→ **WHAT NEEDS TO BE DONE**: Keep the wording of the records intact as you retype them, and omit every image.
START MATERIAL FOR THE TASK
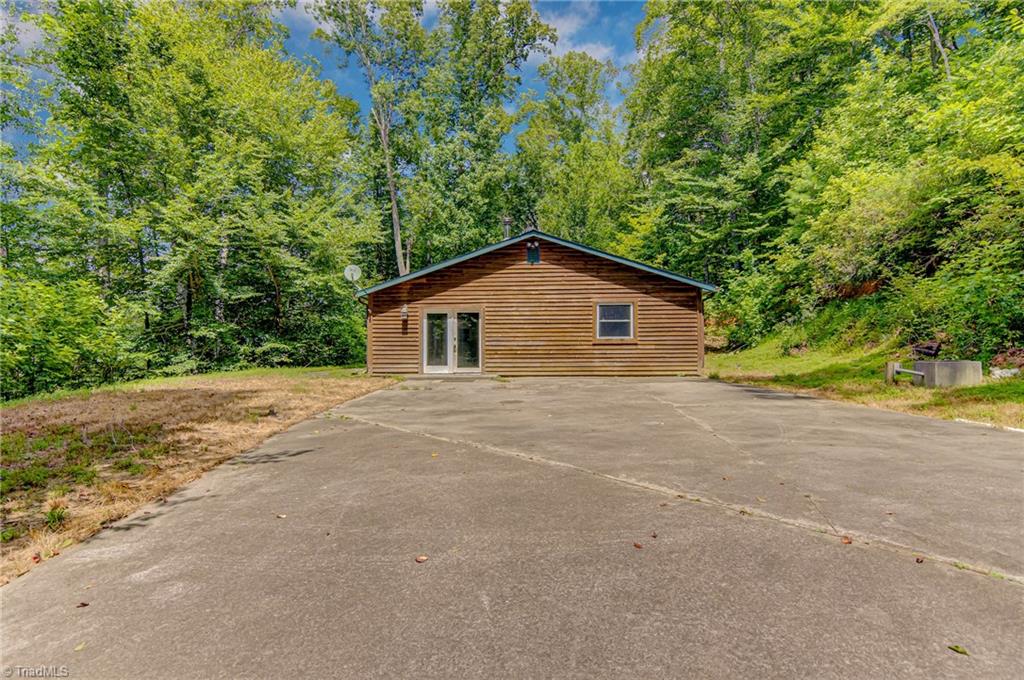 6693 Hummingbird Hollow Rural Hall, NC 27045 - Photo 3 of 30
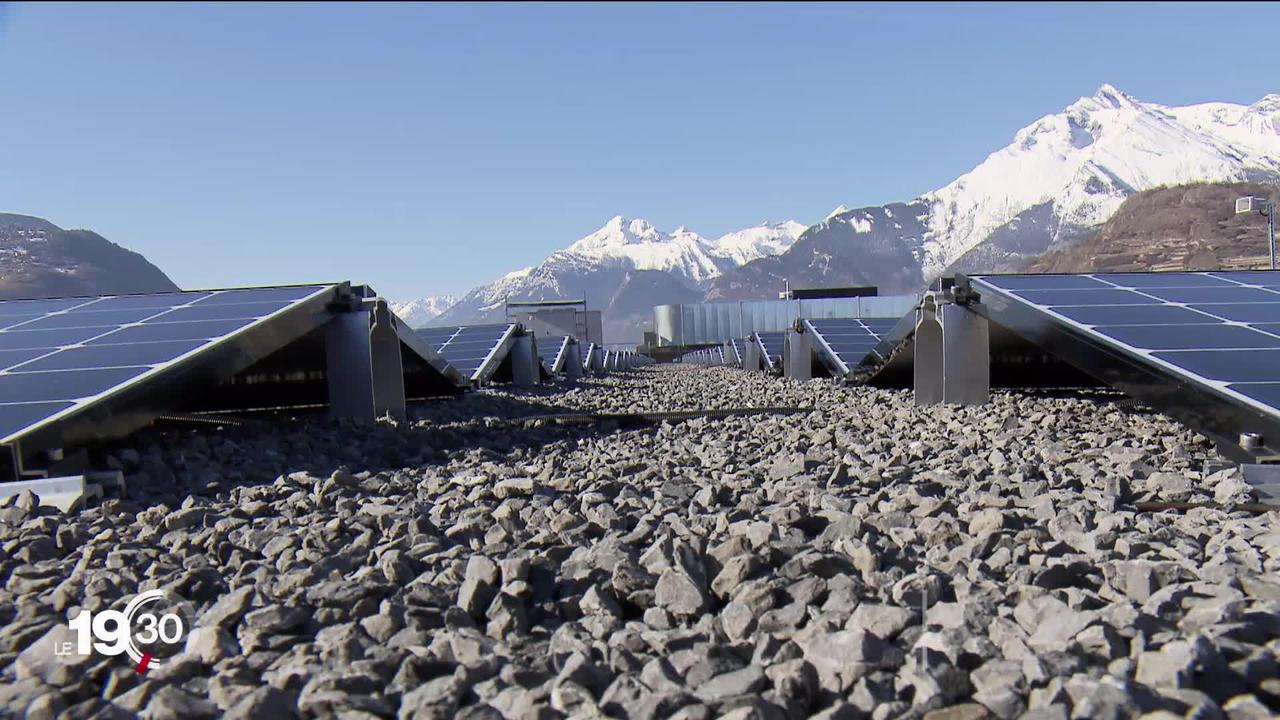 découvrez les nombreux avantages des panneaux solaires dans le valais. profitez d'une énergie renouvelable économique, réduisez votre empreinte carbone et augmentez la valeur de votre propriété tout en bénéficiant des subventions et incitations gouvernementales. transformez votre consommation d'énergie dès aujourd'hui !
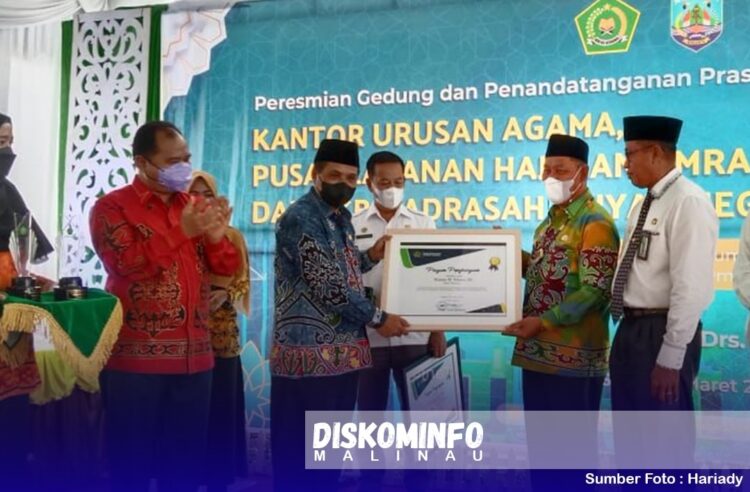 Bupati Terima Penghargaan dari Menteri Agama RI
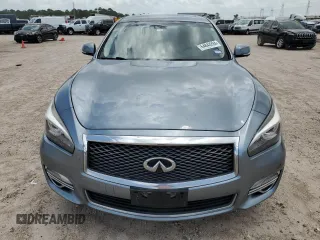 2018 Infiniti Q70 Luxe with VIN JN1BY1AR4JM220422, listed as a Copart auction lot 64843284 with 122,252 mi miles and Salvage title. Bid and sale history available at DreamBid. Image 5.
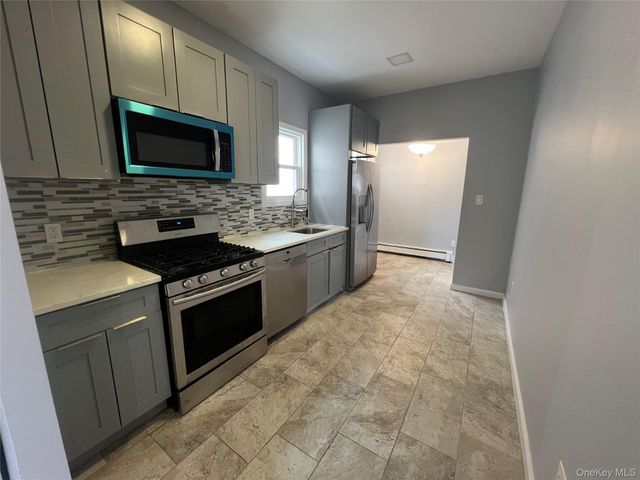 227 E Chester Street, Long Beach, NY 11561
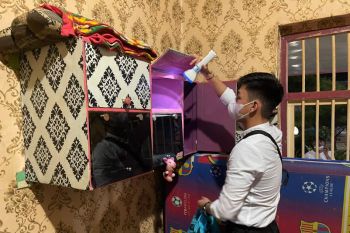 Petugas Lapas Rajabasa temukan ponsel dan gunting saat razia blok warga binaan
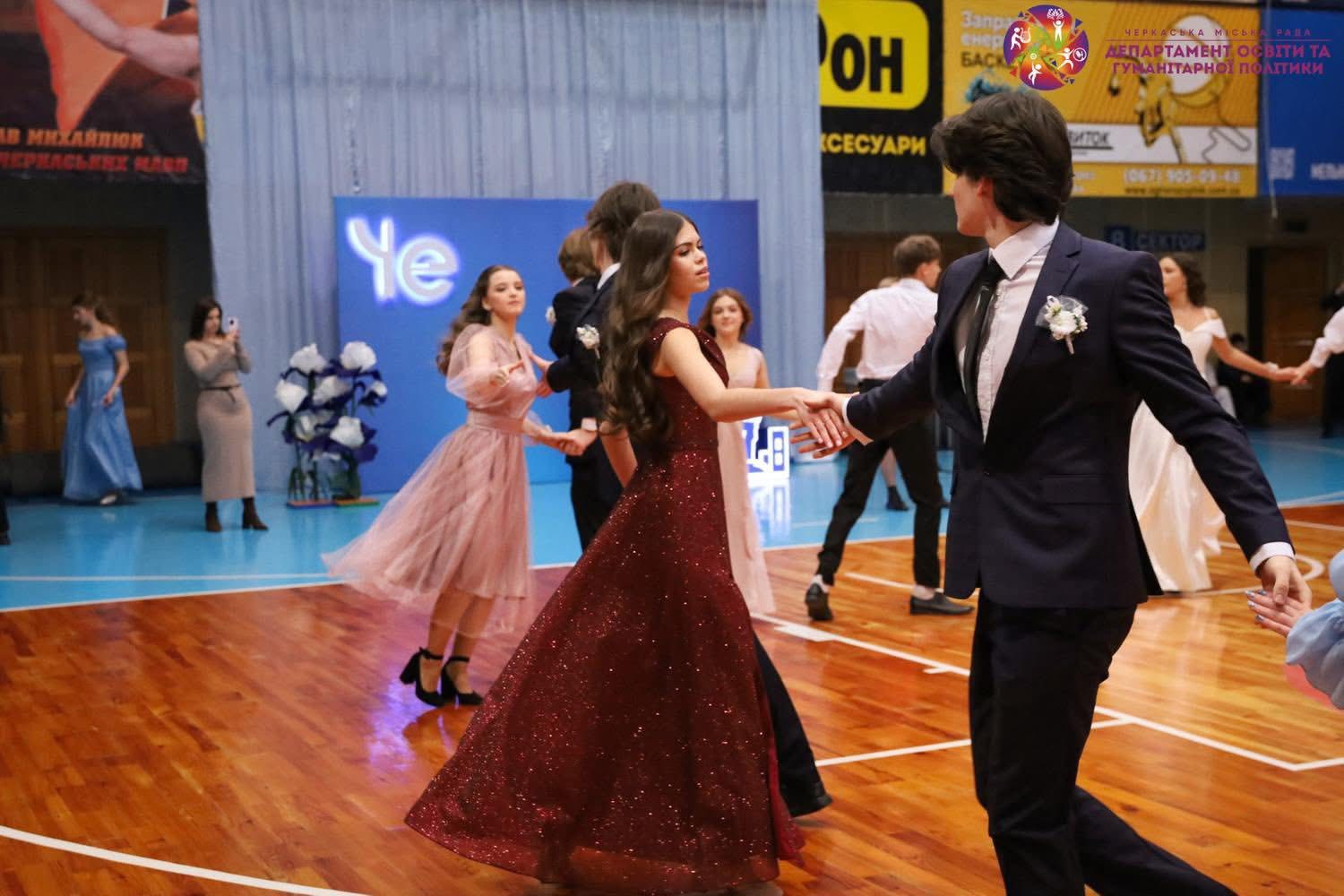 У Черкасах провели благодійний дипломатичний бал для підтримки молоді Херсона - фото 5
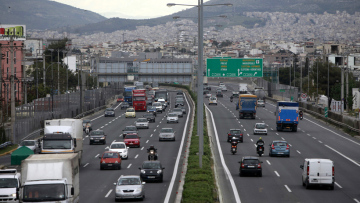 Με σύμμαχο τον καιρό οι Αθηναίοι φεύγουν για το τριήμερο του Αγίου Πνεύματος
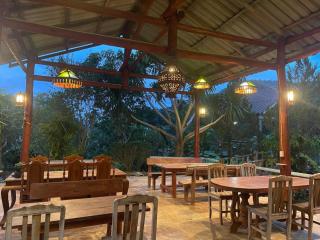 Nai Khun Khao Resort - 7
END MATERIAL FOR THE TASK
→ **SOLVED PROBLEM**:
 6693 Hummingbird Hollow Rural Hall, NC 27045 - Photo 3 of 30
 découvrez les nombreux avantages des panneaux solaires dans le valais. profitez d'une énergie renouvelable économique, réduisez votre empreinte carbone et augmentez la valeur de votre propriété tout en bénéficiant des subventions et incitations gouvernementales. transformez votre consommation d'énergie dès aujourd'hui !
 Bupati Terima Penghargaan dari Menteri Agama RI
 2018 Infiniti Q70 Luxe with VIN JN1BY1AR4JM220422, listed as a Copart auction lot 64843284 with 122,252 mi miles and Salvage title. Bid and sale history available at DreamBid. Image 5.
 227 E Chester Street, Long Beach, NY 11561
 Petugas Lapas Rajabasa temukan ponsel dan gunting saat razia blok warga binaan
 У Черкасах провели благодійний дипломатичний бал для підтримки молоді Херсона - фото 5
 Με σύμμαχο τον καιρό οι Αθηναίοι φεύγουν για το τριήμερο του Αγίου Πνεύματος
 Nai Khun Khao Resort - 7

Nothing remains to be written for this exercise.